19 October 2022
To Recruit and Retain, Improve Wages, not Signing Bonuses
Minister McPhee seems misinformed about the nature of consultations with YEU around YG’s proposed bonus package for nurses. The discussions regarding the nursing ‘recruitment package’ proposed by the employer began and ended at the same meeting. The employer continues to ignore what nurses have told them time and again – if you want to recruit and retain healthcare workers, raise the wages.
YEU has held many meetings with nurses and other healthcare staff, and they tell us the same thing; they want fair compensation for their time, energy, and talent. Throwing together a ‘recruitment and retention package’ of one-off bonuses which are neither pensionable nor reflected in severance is an insult and won’t solve the problem of short staffing. Other regions have done the work to enshrine higher pay in compensation packages, making the Yukon’s signing bonuses far less attractive a recruitment tool than the minister believes.
Nurses want wages increased as incentive for more professionals to move here and stay here. They want the security of knowing their compensation will be counted toward their future, and their retirement. They simply want to be paid fairly and have the pay reflect the importance and value of the work they do.
Nurses have been clear about what they don’t want, as well. They don’t want one-off, lump-sum bonuses which mean a bigger tax hit. They don’t want bribes that only go to new hires, ignoring all the dedicated workers who have put in years of service in the Yukon. They don’t want their difficult working conditions further worsened by an employer who devalues their dedication with a cynical offer of a quick cash top-up. These professionals have worked through a pandemic and have faced chronic understaffing for years; nurses are not easily fooled.
We are concerned about the health of nursing professionals and our healthcare system.

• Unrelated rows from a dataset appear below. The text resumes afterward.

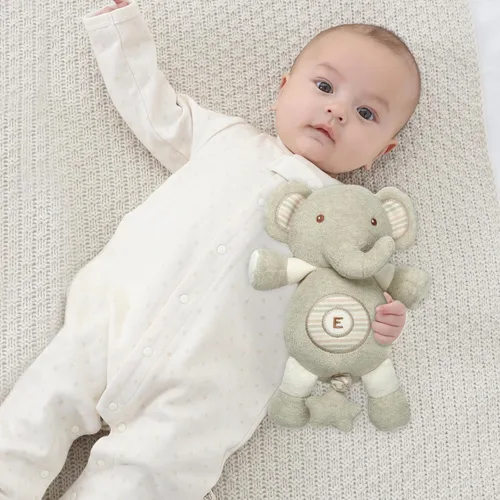 Miniatura 5 de COTTONEBEBE Juguetes para Bebés, Juguete de Peluche con Música de Nana para Bebés Infantes de 0 3 6 12 a 36 Meses Niño y Niña, Regalo Ideal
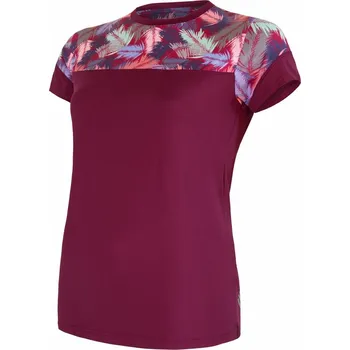 cyklistický dres Dámský dres Sensor Helium lilla/feather L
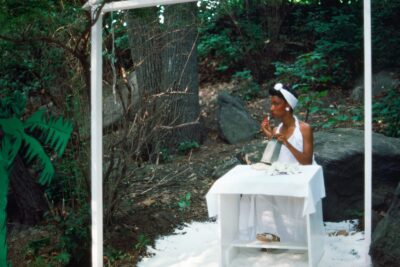 Lorraine O’Grady Retrospective at the Brooklyn Museum. Alexander Gray Associates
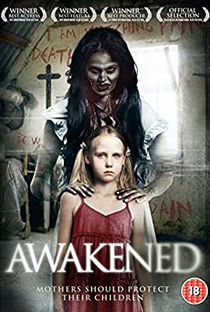 Awakened - Poster / Capa / Cartaz - Oficial 4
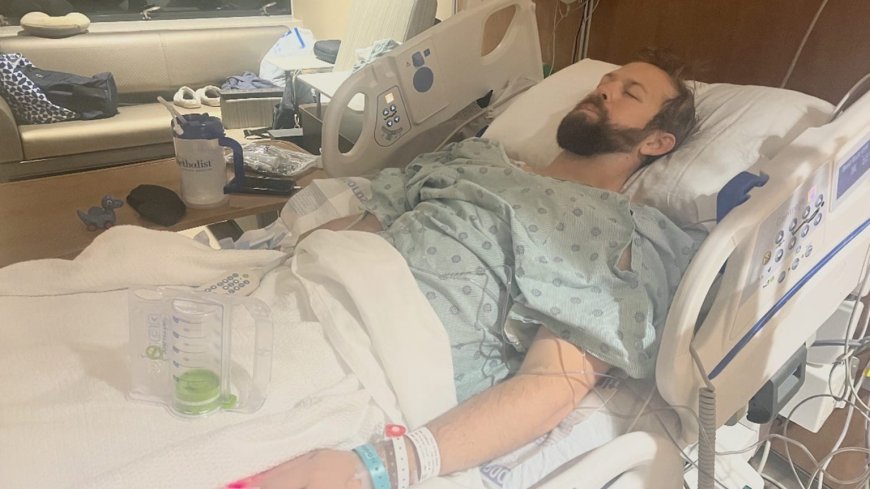 ¡Qué grande es el amor de padre! Dickie Thon le dona un riñón a su hijo para salvarlo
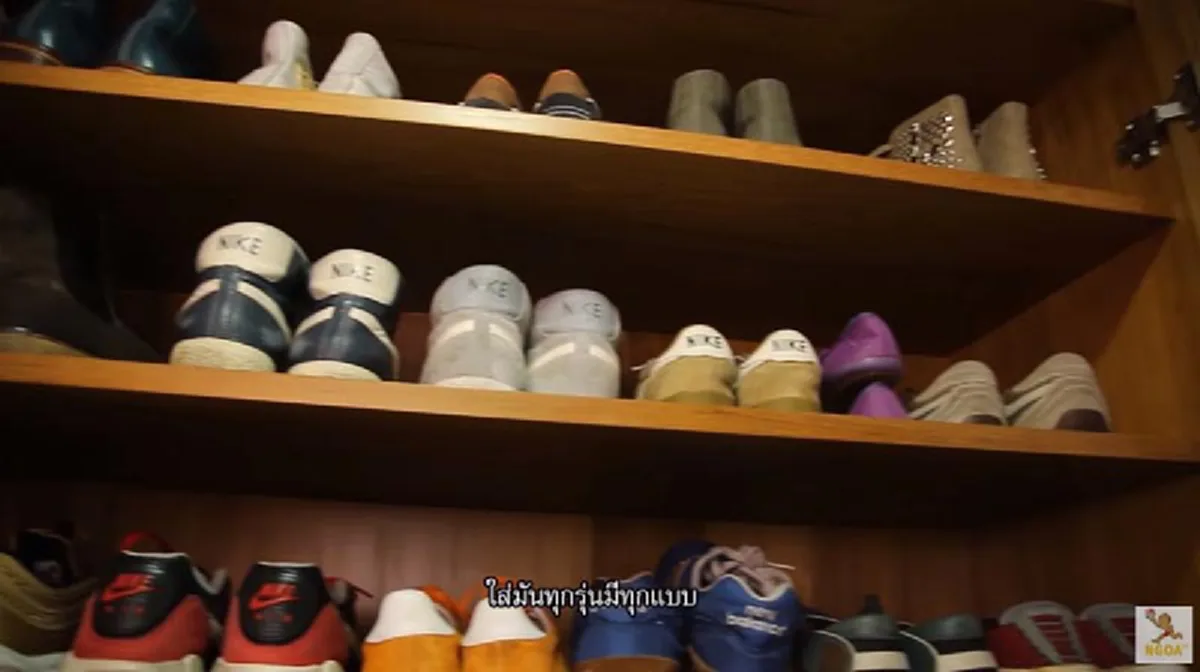 ตะลึงกันทั้งประเทศ!! เปิดอาณาจักร "เจ้เล้ง ดอนเมือง" บนตึก 7 ชั้นสุดอลัง ส่องแต่ละห้องแล้วบอกเลย...สมฐานะเศรษฐินีหมื่นล้านสุดๆ!!?? (มีคลิป)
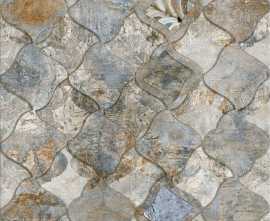 Керамогранит Absolut Keramika abs1766 Santorini Mix 60.8x60.8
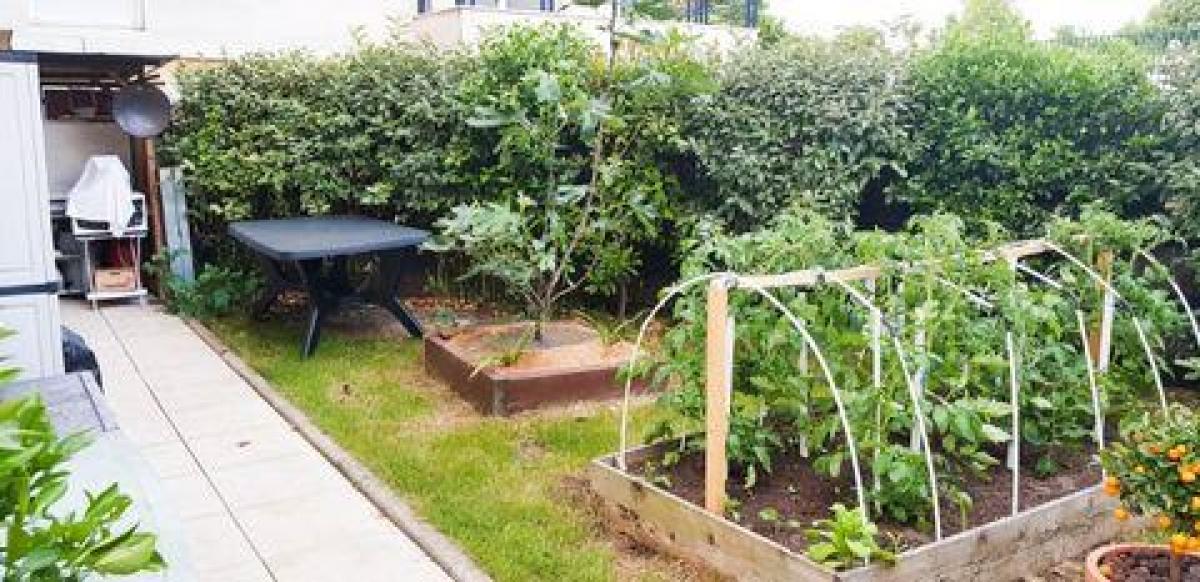 Apartamento de 2 dormitorios en Montmagny, France No. 25840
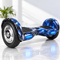 BLUE HOVERBOARDS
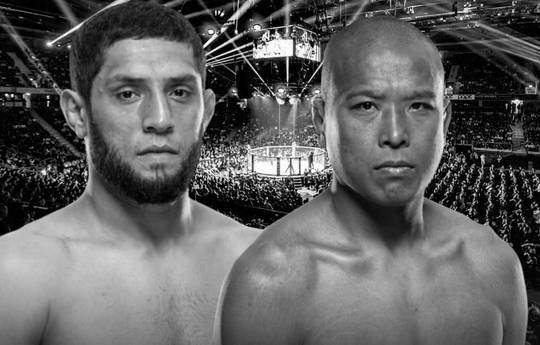 UFC 321: Aliskerov vs Yong Park - Date, Start time, Fight Card, Location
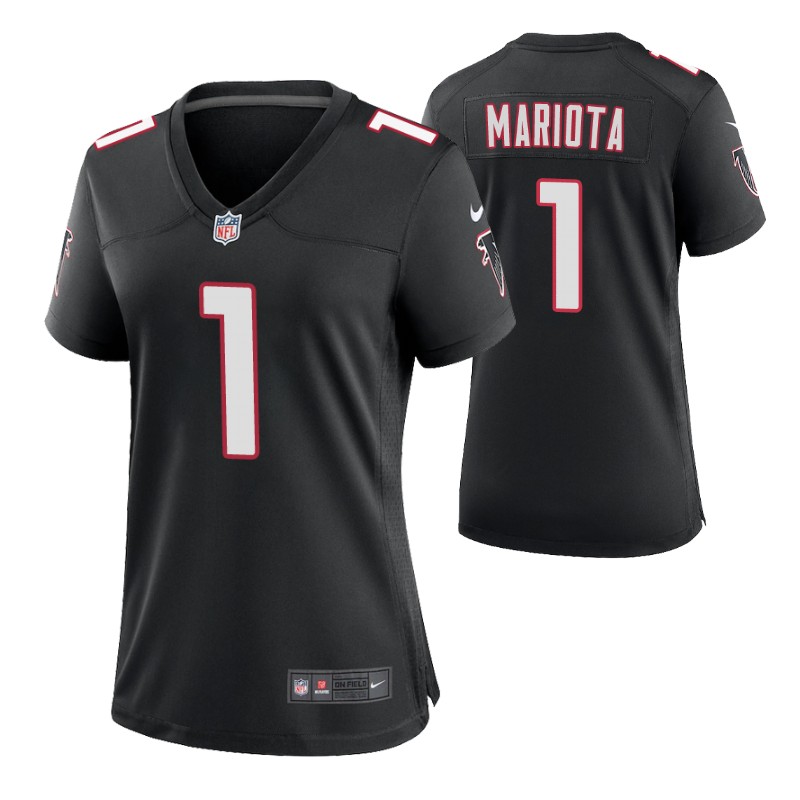falcons-marcus-mariota-throwback-game-women's-jersey-black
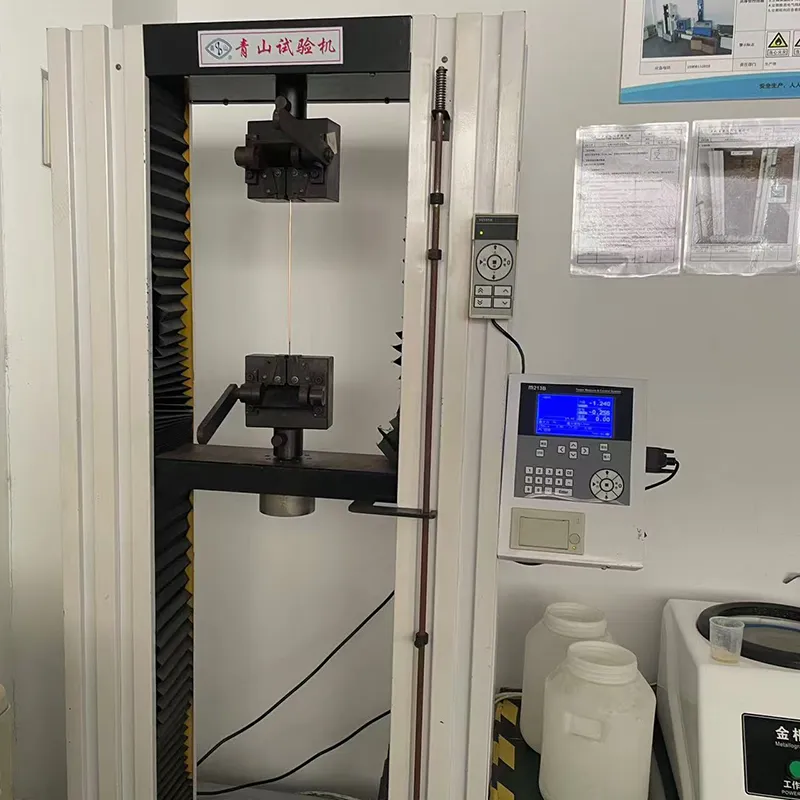 特注導体製造に使用する設備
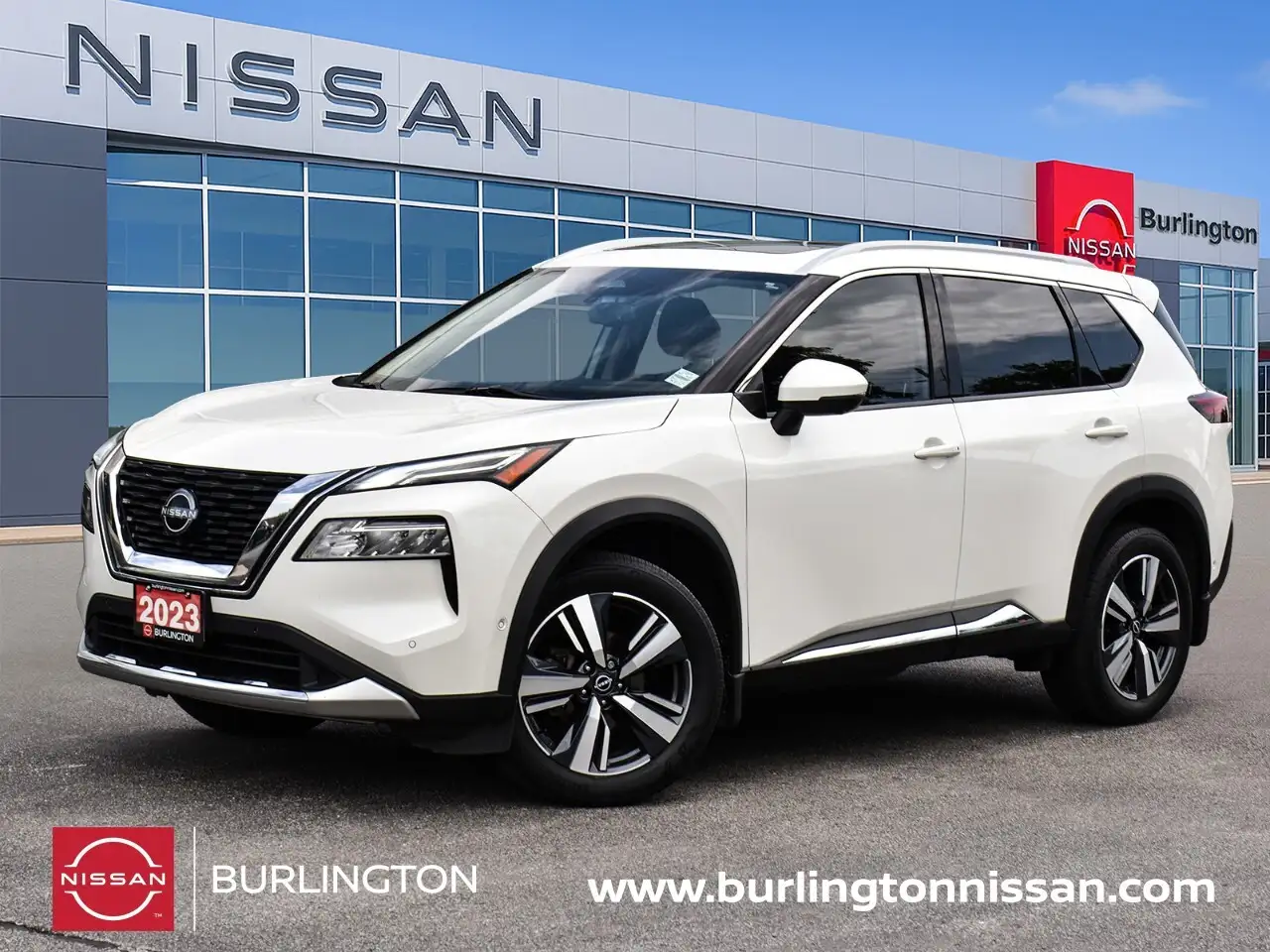 2023 Nissan Rogue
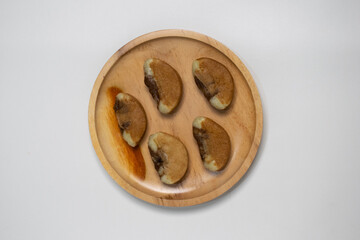 Banyumas pukis cake, traditional food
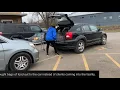 Wooster Hope Center transitions to drive-through
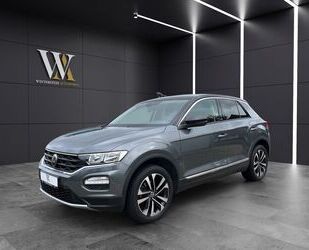 VW Volkswagen T-Roc / United / Navi / AHK / Carplay / Gebrauchtwagen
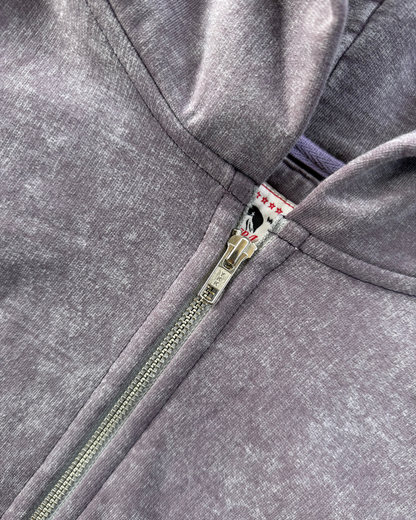 INFERNUM ZIP HOODIE - BOXY FIT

Thanks to the unprecedented lack of support and resources, healthcare workers are burning out and many are leaving their professions. Thanks to inadequate wages, Yukon’s nurses are working alongside agency fly-ins with no connection to our communities and little public accountability, knowing these agency nurses are making much higher wages to do the exact same job.
We are not prepared to negotiate in the media or legitimize the political opportunism demonstrated by Minister McPhee in the Legislative Assembly. This is a chronic problem, and the employer has failed to show true leadership too many times. Despite repeated warnings from within the medical system’s healthcare community and from the workers’ unions, the need for systemic change is still being ignored.
Nurses need better wages, not just bonuses.